I did notice, however, a disturbing propensity among the ushers, much like many stewardesses on domestic airlines, to act more as enforcers of busy-body regulations than as servants to paying customers. The one nearest us, on sentry four levels above home plate amid a swarm of empty seats, ensured no patron sat even one seat from the one to which his ticket entitled him. Even those who remained in their assigned slots were not necessarily spared, as one sixty-ish gentleman was scolded for having the temerity to stretch his legs over a seat in the (completely empty) row ahead of him. I suppose this town instills in many of its residents an irresistible urge to boss others around, even (or particularly) when they engage in activity certain to harm absolutely no one else. Nonetheless, after watching the Nationals succumb, we sardined ourselves into the Metro, returned to Hugh’s house, and sacrificed a delicious bottle of Bordeaux on the altar of scintillating conversation.

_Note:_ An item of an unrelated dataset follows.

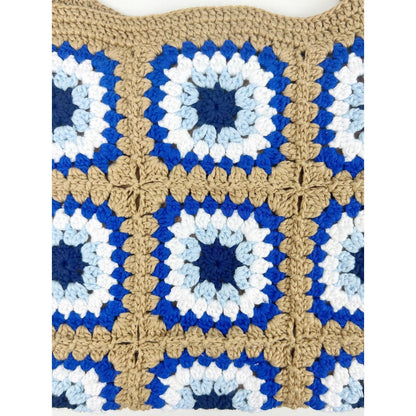 Cosbai - Woven Shoulder Bag – Coffee & Blue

Notwithstanding any faults this city bears in the present, it offers ample opportunity to escape into the past. The next two days we did just that, starting Thursday with Alexander’s first visit to Arlington Cemetery, on property Lincoln stole from Lee, and into which invaders were subsequently sprinkled like salt into an open wound. We proceeded to the Tomb of the Unknown Soldier, and thence to those of whom we were better acquainted, my Breen grandparents. Prior to visiting their gravesite, however, we provided Alexander his first opportunity to see that of JFK with its attendant eternal flame (the only one he apparently ever had), before continuing to the very pleasant evening with Hugh, Hugh, and Kelly that produced the Chianti and reunion idea I noted above.
Neither Alexander nor I had ever visited Mt Vernon, a deficiency a relaxing 90-minute boat ride the next morning, down the Potomac from the DC waterfront to George Washington’s backyard, ably rectified. We arrived as workers removed scaffolding that had covered the house the previous three months, revealing its splendidly refurbished exterior and highlighting our exquisite timing.

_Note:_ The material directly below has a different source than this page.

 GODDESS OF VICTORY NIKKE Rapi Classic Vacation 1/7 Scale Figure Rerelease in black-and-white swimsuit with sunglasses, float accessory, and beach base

As remarkable as I found that structure (which I was unaware contained the key to the Bastille), the captivating vista across the Potomac from the back of the house hit me without expectation, yet exceeded any I could have conjured. The location is superb, and certainly justified the persistent longing its owner had for retirement to that place. We, however, had to content ourselves with only a few hours. But to have been with Alexander before the desk where Washington wrote, the bed in which he died, and the grave in which he rests, are memories I would gladly take from any day. We capped this one with a stroll the length of King Street in Old Town Alexandria, admiring its rich heritage and resisting the appeal of its modern establishments to our wallet.
Alexander absolutely loves this city. Unfortunately for him, we return to Atlanta today. Nonetheless, seeing Hugh, Hugh, and Kelly reminds that we all see each other far too infrequently. I know we don’t have the “zero-birthday” excuse next year (aside, as she was quick to note, from Kelly), but those zeroes from our last gathering will next year be “fives”.
That, assuming we need one, may be as good a reason as any.